I was privileged to have this upbringing, but I quickly learnt that this wasn’t always the norm. Friends of mine often didn’t have a choice but to stay inside while their brothers worked the land. They weren’t encouraged to study their passions, and often didn’t have the support, or crucially, the self-belief to access the opportunities they desired. Too many times, other people tore them down, and stereotypes crept through.
But it was throughout university, that the concept of gender inequality really hit home. I was working as a journalist during the reign of Australia’s first-ever female Prime Minister, and whether you’re a fan of her politics or not, most can agree that Julia Gillard was treated dismally. Whether it was her hair, her boyfriend or her outfit choices, the Prime Minister’s leadership capabilities were consistently belittled.
Sadly, when I looked further afield, my concerns only increased. Just 30 per cent of Australia’s federal politicians were female, we had an 18 per cent gender pay gap (now 16 percent), and more men called Peter were running Australia’s ASX 200 companies than women altogether.
At a similar time, I grew increasingly concerned about rural and remote education. Passionate about country communities thriving and succeeding, I was shocked to hear that the more remote a student gets, the worse attitudes to schooling and school completion rates are. Distance, time and funding barriers were preventing rural kids from accessing the education and career opportunities they deserved.
Pairing these issues together, I saw a niche group of young women in rural Australia needing additional support. I felt a call-to-action, and a desire to help these young women succeed. So I had an idea, and that idea was Country to Canberra.
Founded in 2014, Country to Canberra is a volunteer-driven nationwide not-for-profit organisation that empowers young rural women to reach their leadership potential. Our award-winning programs provide leadership training, inspire self-belief and connect teenage girls with mentors and role models. From the ABC to WIN News, we’ve been featured in hundreds of media outlets and have made a huge difference in scores of girls’ lives. Our flagship program is a national leadership competition, where winners are awarded with a ‘Power Trip’ to the ACT to meet CEOs, Ministers, receive leadership and public speaking training from the likes of TEDx, formal mentorship and more.

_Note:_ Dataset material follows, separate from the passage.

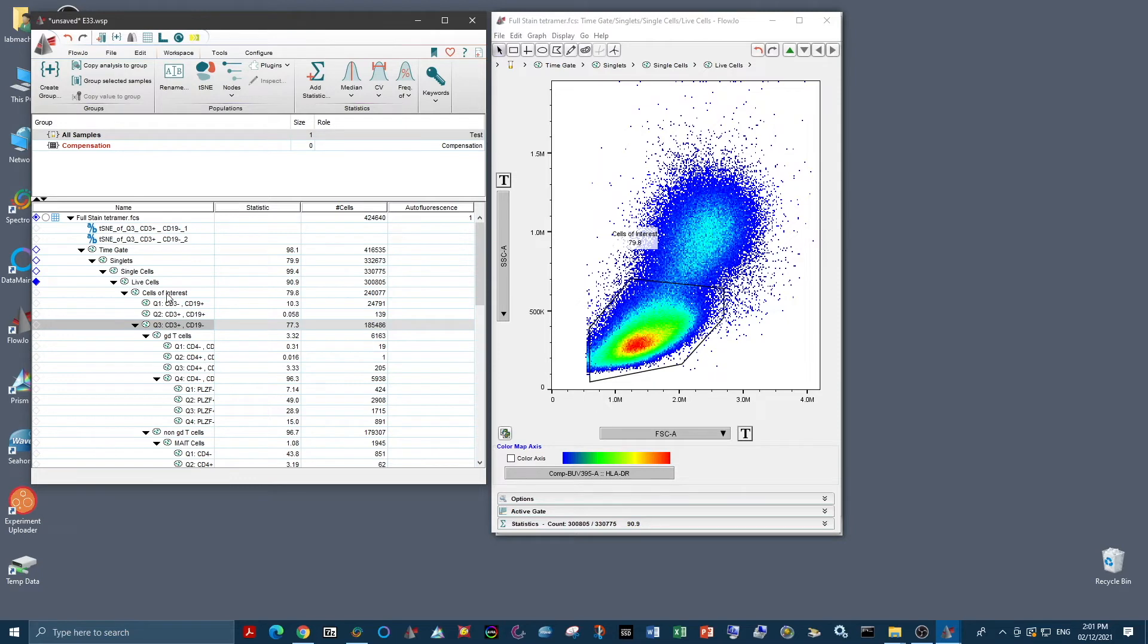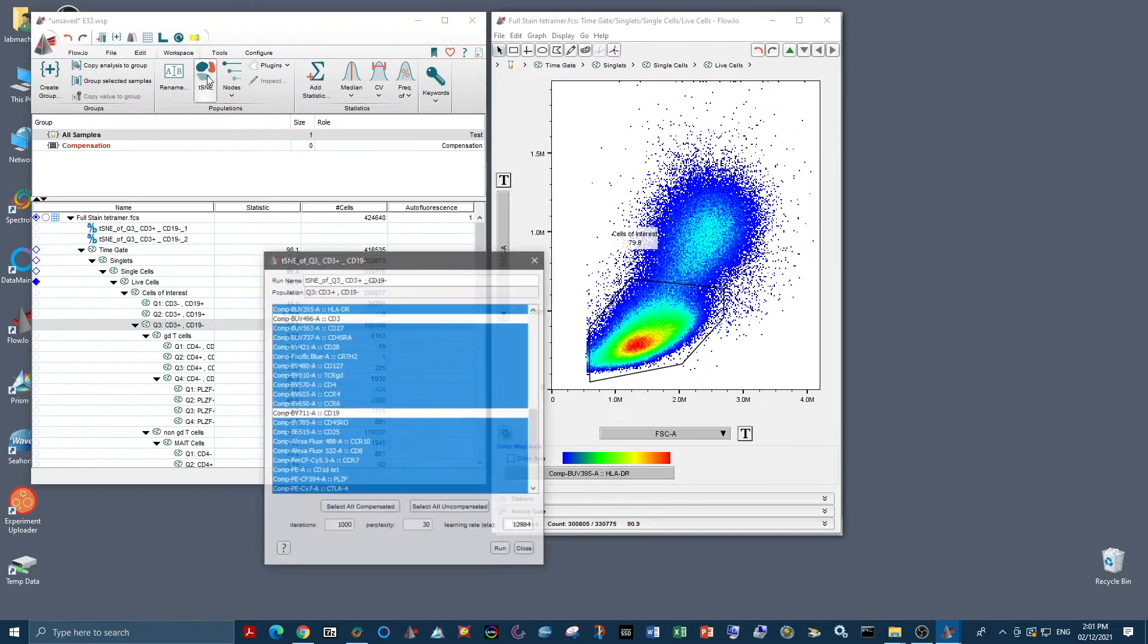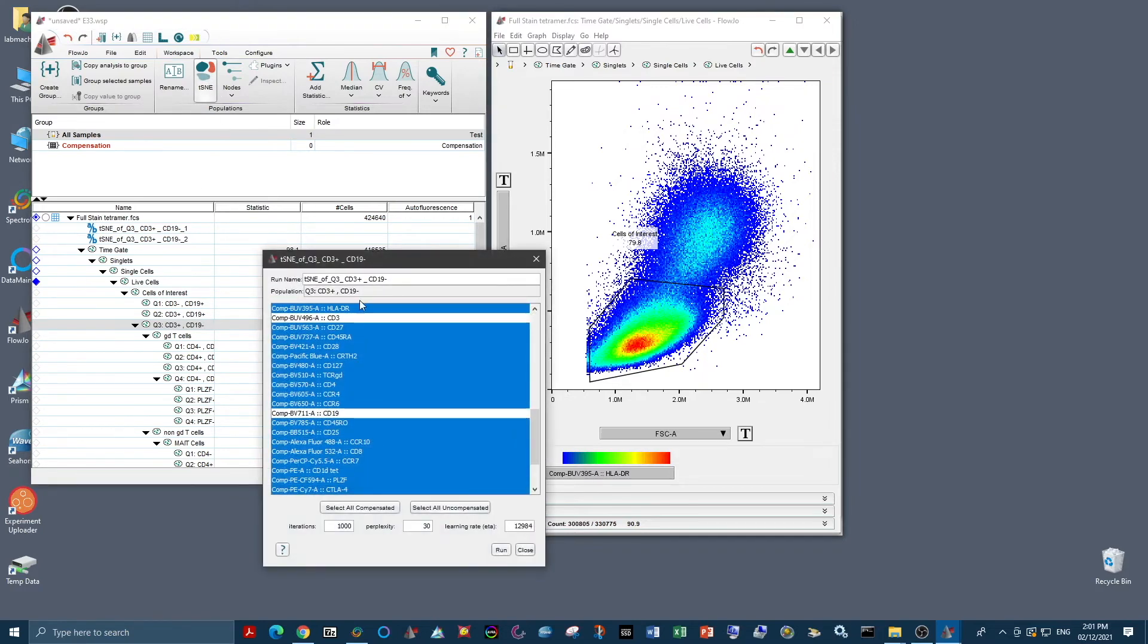So we took our time gate, our singlets, our live cells, our cells of interest. And I've mentioned that this is a panel for T cells. So we're also going to go from the level of our CD3 positive T cells. So we want to run the tSNE on this population and I've selected the correct one here.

We know the impact strong female role models have on young women’s leadership aspirations. Recently, the New York Times found that nearly a quarter of teenage girls said Hillary Clinton’s 2016 presidential candidacy encouraged them to seek leadership positions. From the Foreign Minister Julie Bishop to Deputy Opposition Leader Tanya Plibersek, our Power Trip connects girls to powerful female leaders, and equips winners with skills and knowledge to share widely in their local communities.
In addition to our Leadership Competition and Power Trip, we mentor and facilitate a ‘Blogger Team’ of young women, giving them a platform to discuss key issues and showcase their talents. Excitingly, we have also just won Holden and SBS’s first-ever grant to run our ‘Project Empower’ leadership workshops in rural and remote schools across Australia. We’ll be traveling to every state and territory to reach as many students as possible to ensure all young women know their self-worth, know how to identify and discuss equality issues, and are empowered to achieve their dreams. This is a game-changer for Country to Canberra, and will give us an ability to reach more young women and communities than ever before.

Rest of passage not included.